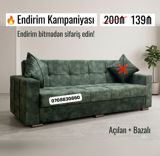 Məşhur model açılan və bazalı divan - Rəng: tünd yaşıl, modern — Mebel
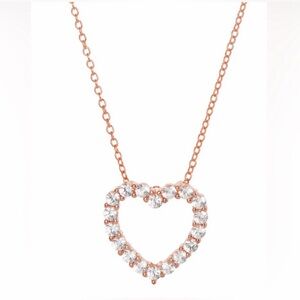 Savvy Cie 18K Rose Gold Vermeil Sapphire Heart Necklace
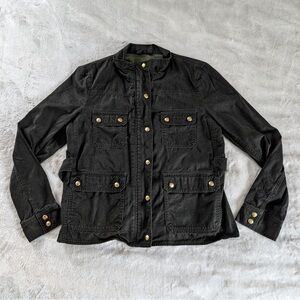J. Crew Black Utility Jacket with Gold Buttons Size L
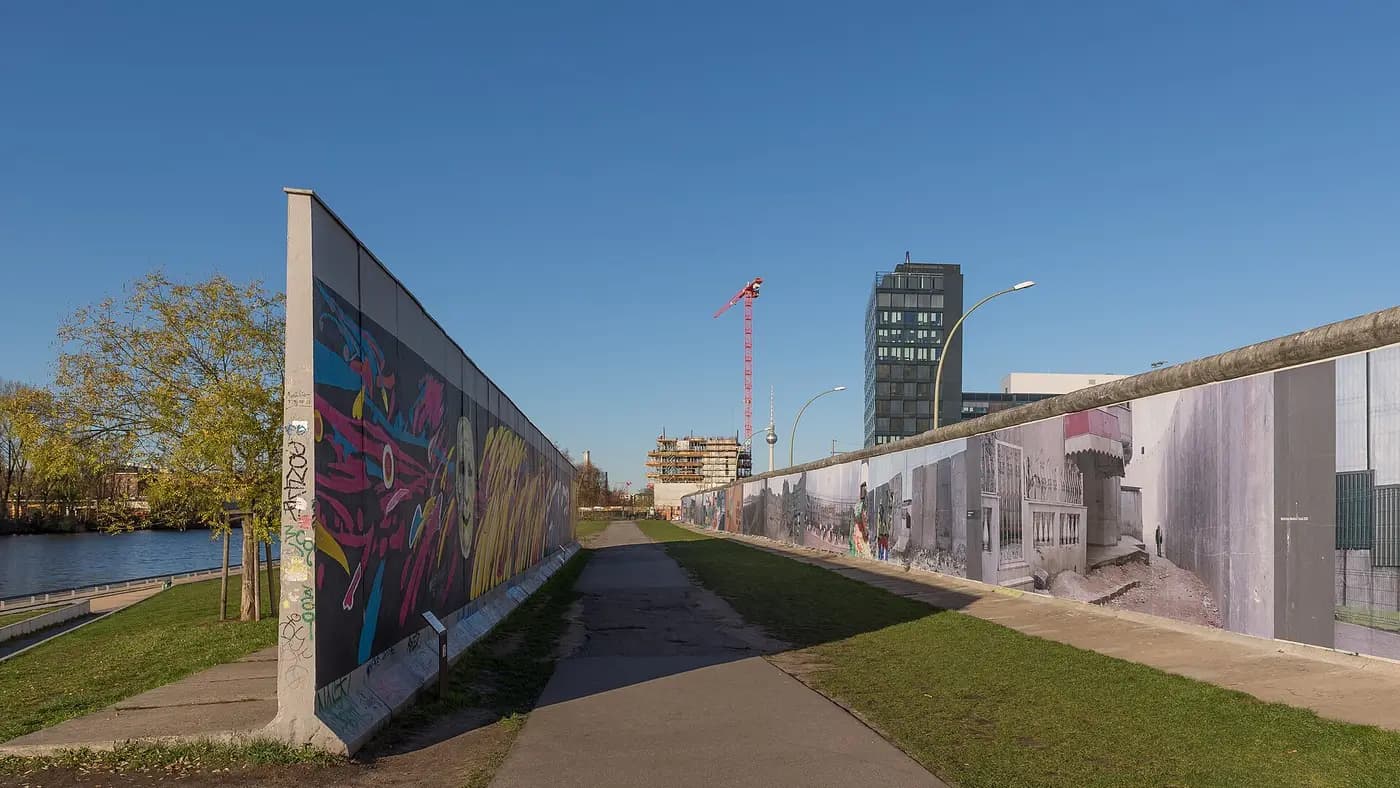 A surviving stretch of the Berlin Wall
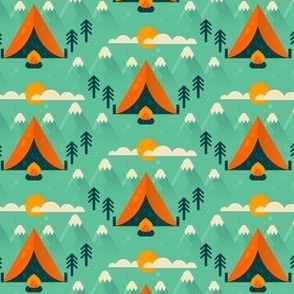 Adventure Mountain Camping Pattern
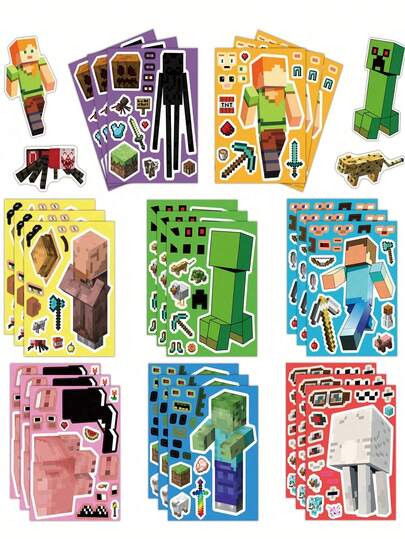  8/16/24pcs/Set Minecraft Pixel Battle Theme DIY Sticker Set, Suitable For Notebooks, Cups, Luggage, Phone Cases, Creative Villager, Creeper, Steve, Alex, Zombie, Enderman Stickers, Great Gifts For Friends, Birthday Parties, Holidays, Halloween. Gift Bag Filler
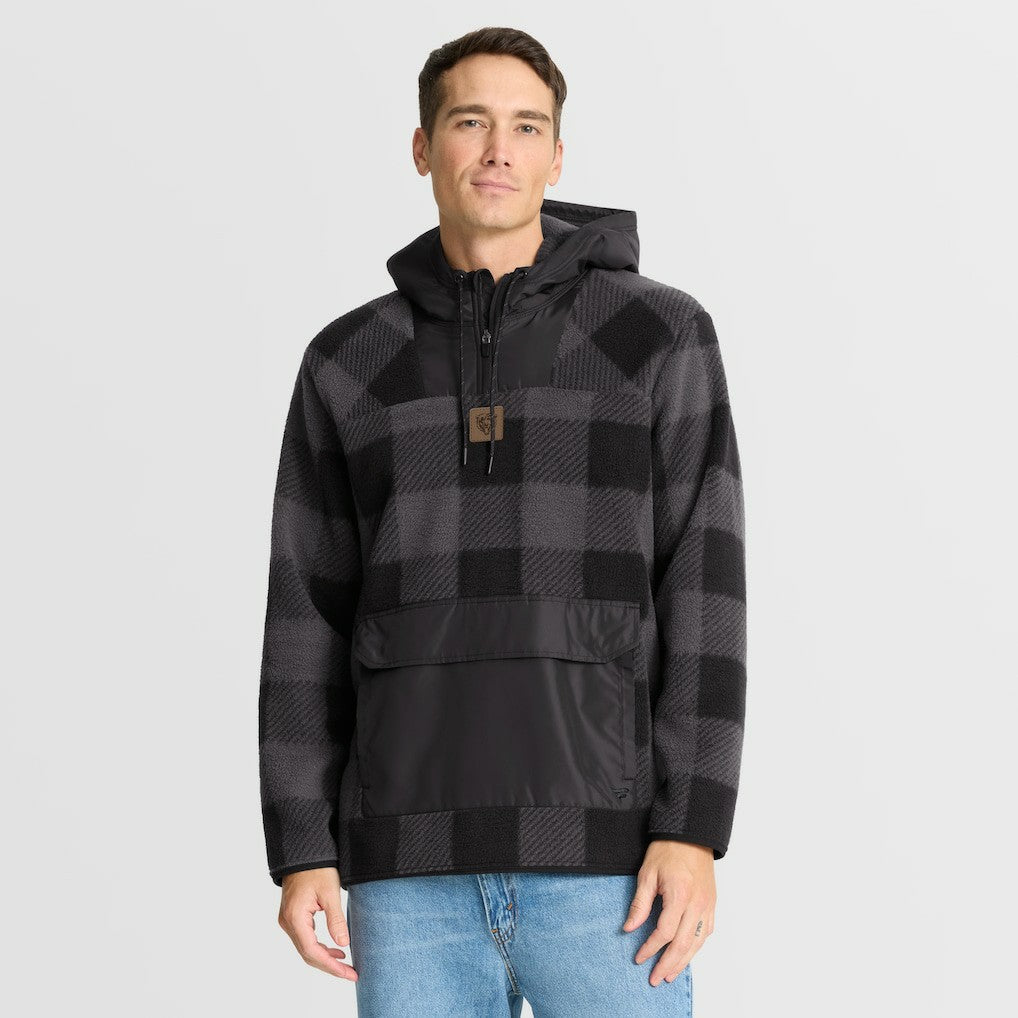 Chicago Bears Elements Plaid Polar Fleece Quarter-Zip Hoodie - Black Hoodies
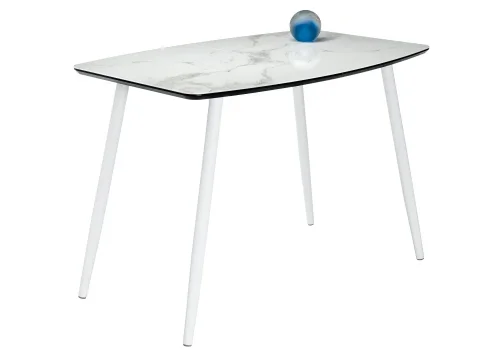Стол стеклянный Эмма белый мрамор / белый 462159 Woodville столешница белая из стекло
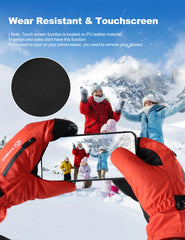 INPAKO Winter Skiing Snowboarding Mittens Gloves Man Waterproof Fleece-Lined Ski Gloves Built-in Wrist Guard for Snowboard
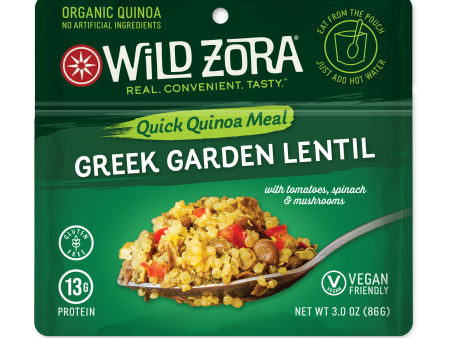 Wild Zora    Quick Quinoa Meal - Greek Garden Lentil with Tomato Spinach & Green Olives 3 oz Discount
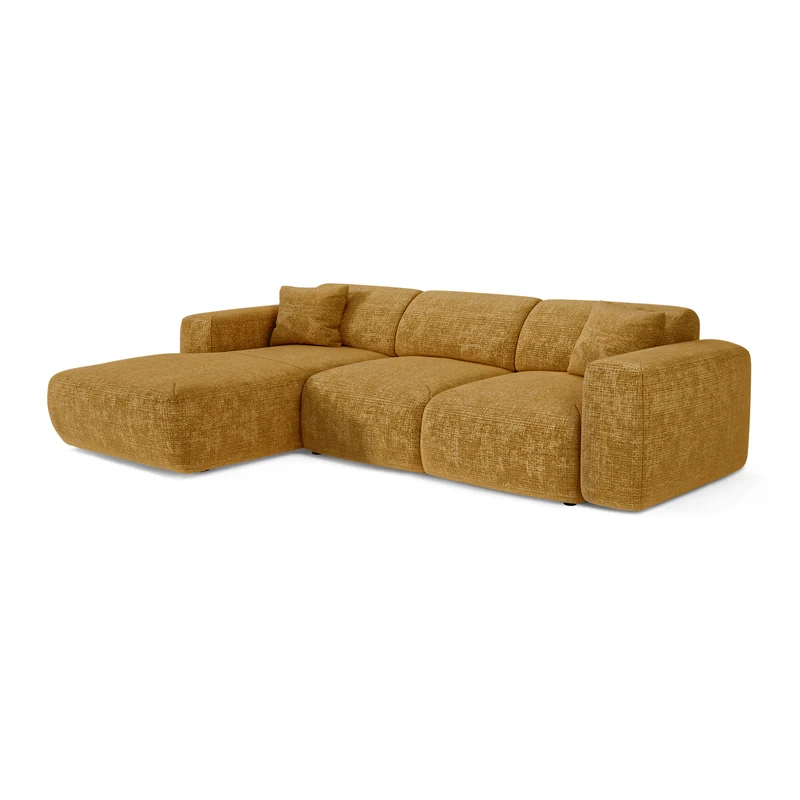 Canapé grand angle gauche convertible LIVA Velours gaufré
---
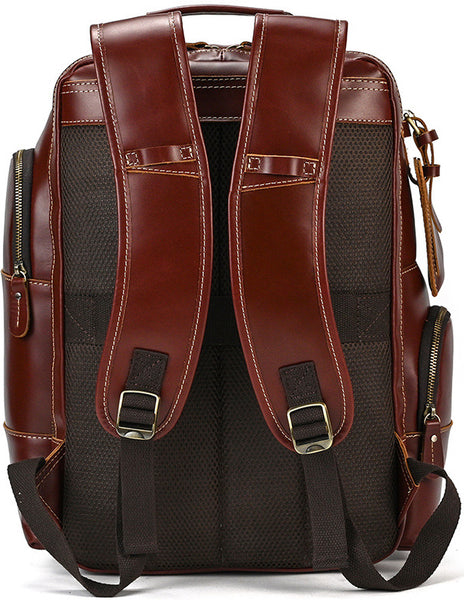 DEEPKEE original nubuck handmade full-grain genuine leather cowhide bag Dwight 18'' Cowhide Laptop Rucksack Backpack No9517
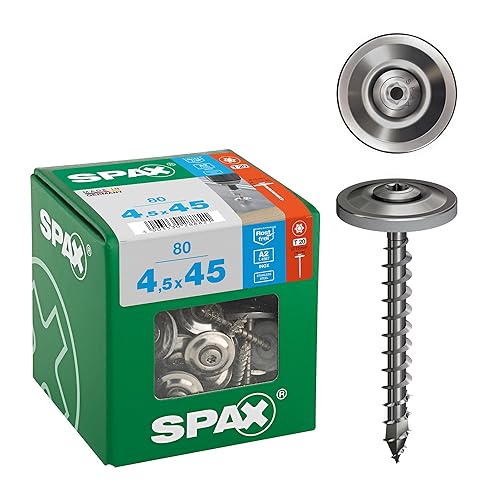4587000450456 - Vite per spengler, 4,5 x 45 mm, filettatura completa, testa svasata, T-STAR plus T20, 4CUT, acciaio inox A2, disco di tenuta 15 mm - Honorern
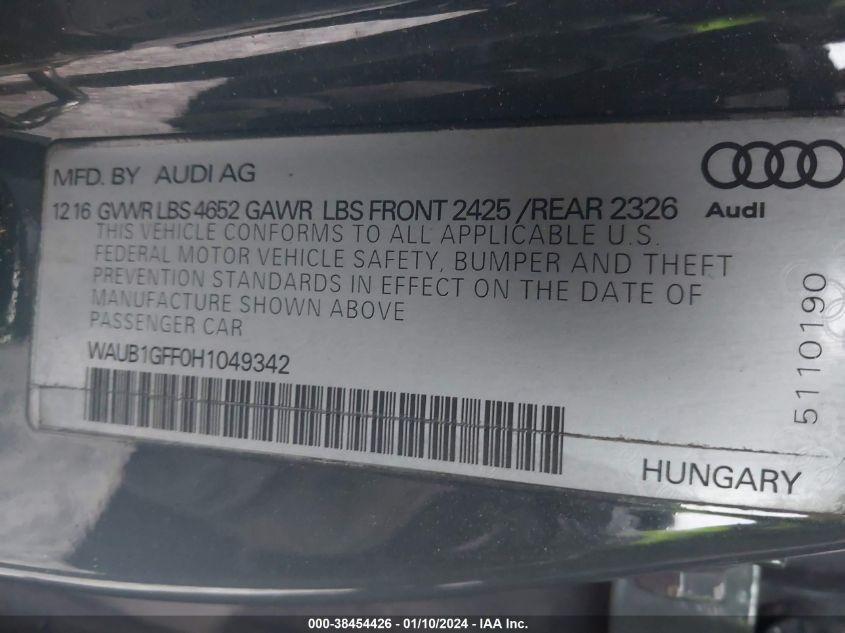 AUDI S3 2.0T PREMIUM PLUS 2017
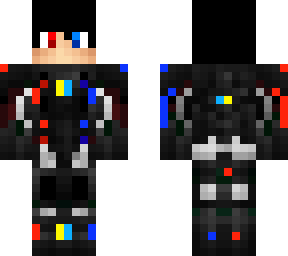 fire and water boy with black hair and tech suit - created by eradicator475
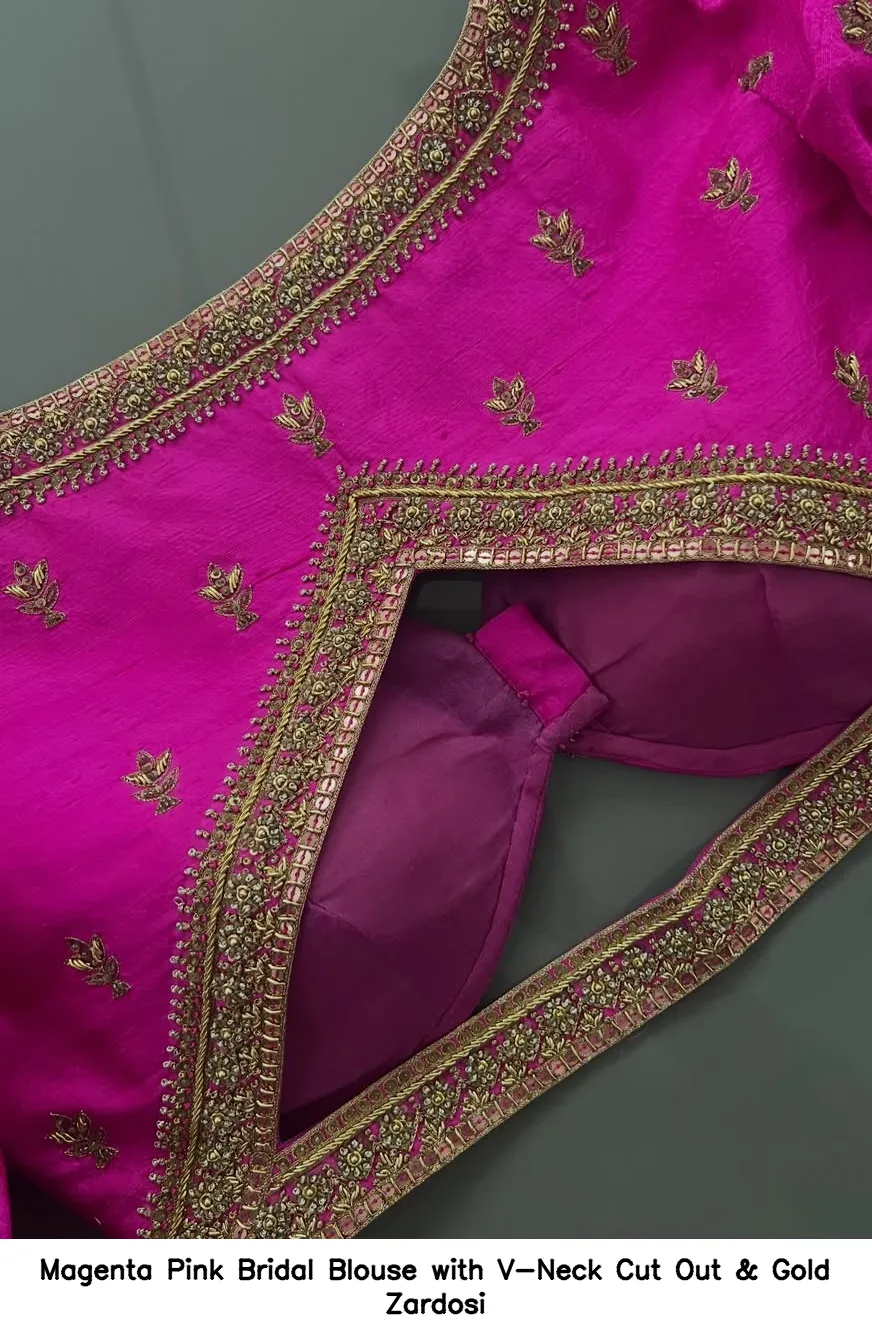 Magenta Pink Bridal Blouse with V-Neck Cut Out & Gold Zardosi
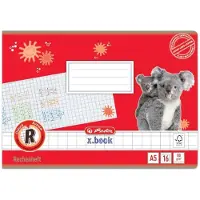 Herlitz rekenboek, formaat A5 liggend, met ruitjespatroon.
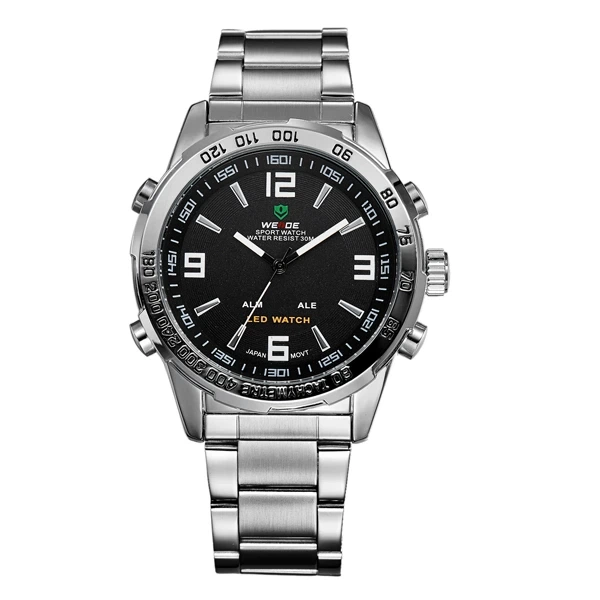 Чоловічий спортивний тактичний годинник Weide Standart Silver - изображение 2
---
Pictures aside, return exactly the lines from the data above, starting at the line that has "Məşhur model açılan" and ending at the line that has "8/16/24pcs/Set Minecraft Pixel", both included.

 Məşhur model açılan və bazalı divan - Rəng: tünd yaşıl, modern — Mebel
 Savvy Cie 18K Rose Gold Vermeil Sapphire Heart Necklace
J. Crew Black Utility Jacket with Gold Buttons Size L
 A surviving stretch of the Berlin Wall
 Adventure Mountain Camping Pattern
  8/16/24pcs/Set Minecraft Pixel Battle Theme DIY Sticker Set, Suitable For Notebooks, Cups, Luggage, Phone Cases, Creative Villager, Creeper, Steve, Alex, Zombie, Enderman Stickers, Great Gifts For Friends, Birthday Parties, Holidays, Halloween. Gift Bag Filler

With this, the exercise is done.